Previously: Eastern, SDSU

Not sure how many consecutive weeks I'm going to continue tracking Denard's throws--it was originally until my eyes bleed--but this week is too fun not to. I need to be rewarded. Seriously though: watching every pass a few times and noticing trends within Borges' playcalling has been really fascinating; you get an idea of how he plans to nurture Denard's arm to fit a new passing philosophy. Denard has responded with mixed results and that's to be expected; the internal battle between the two, the push-and-pull embody this season-long experiment of merging Rodriguez's players with Borges' playbook. While there have been bumps along way--3 games with under 50% completion--progress is being made. And seemingly right in the nick of time.

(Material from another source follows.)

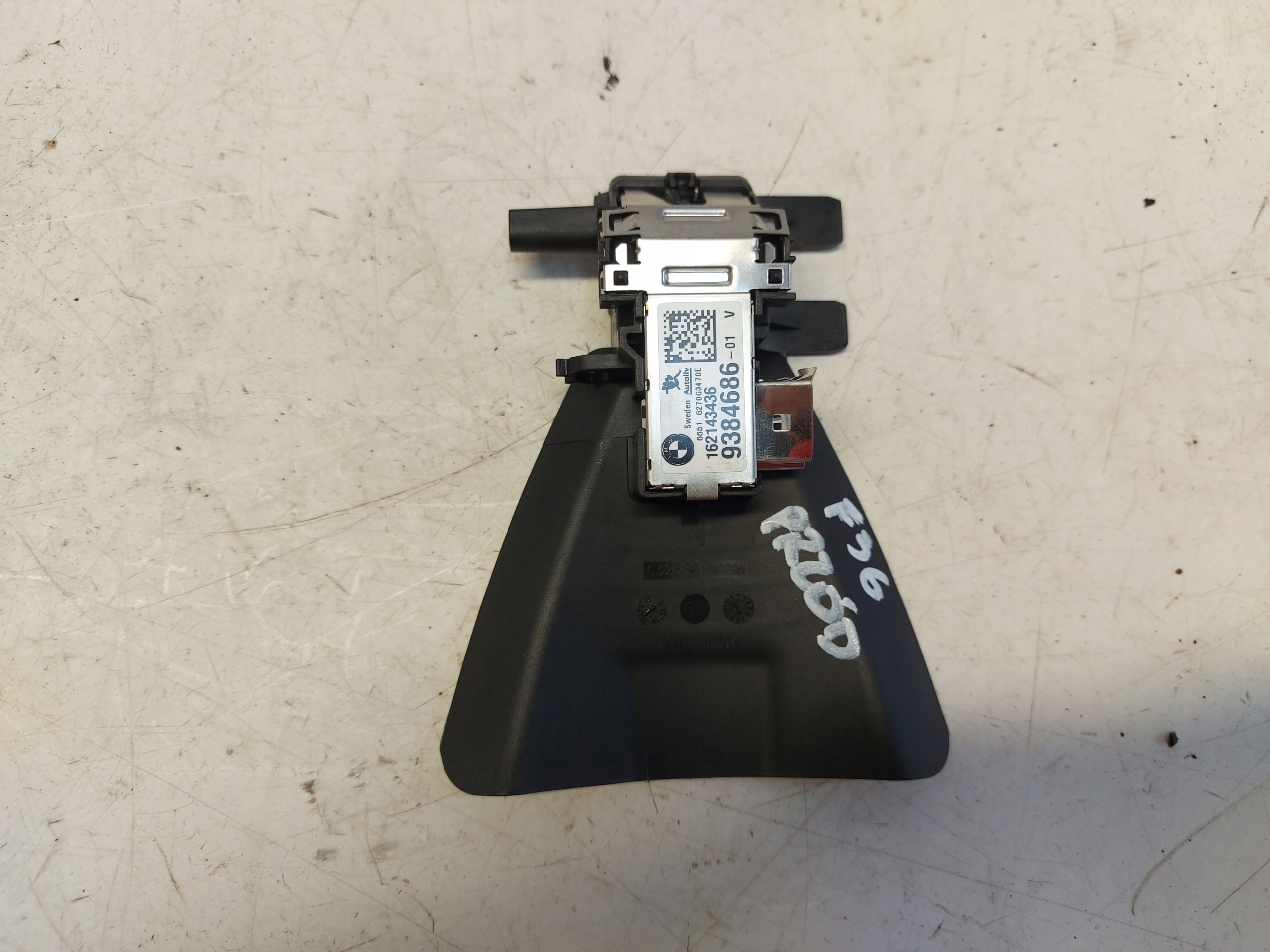 BMW 4 F36 430d GC kamera windows front kafas 9384686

Denard's passing line looks much cleaner this week: 15/19, 169 yards, 2 TDs, 0 INTs. And that's through 2.5 quarters. Insert caveats regarding Minnesota's secondary here but it still takes effort and skill to complete passes. Accurate throws are accurate throws. But perhaps more helpful, the type of throws that fell incomplete should say a lot about how comfortable Denard is with that play (not comfortable) and red flag Borges to NEVER CALL IT AGAIN. That's because those passes will likely end up being pick sixes against Big Ten secondaries who feature scholarship players recruited to play, you know, defense.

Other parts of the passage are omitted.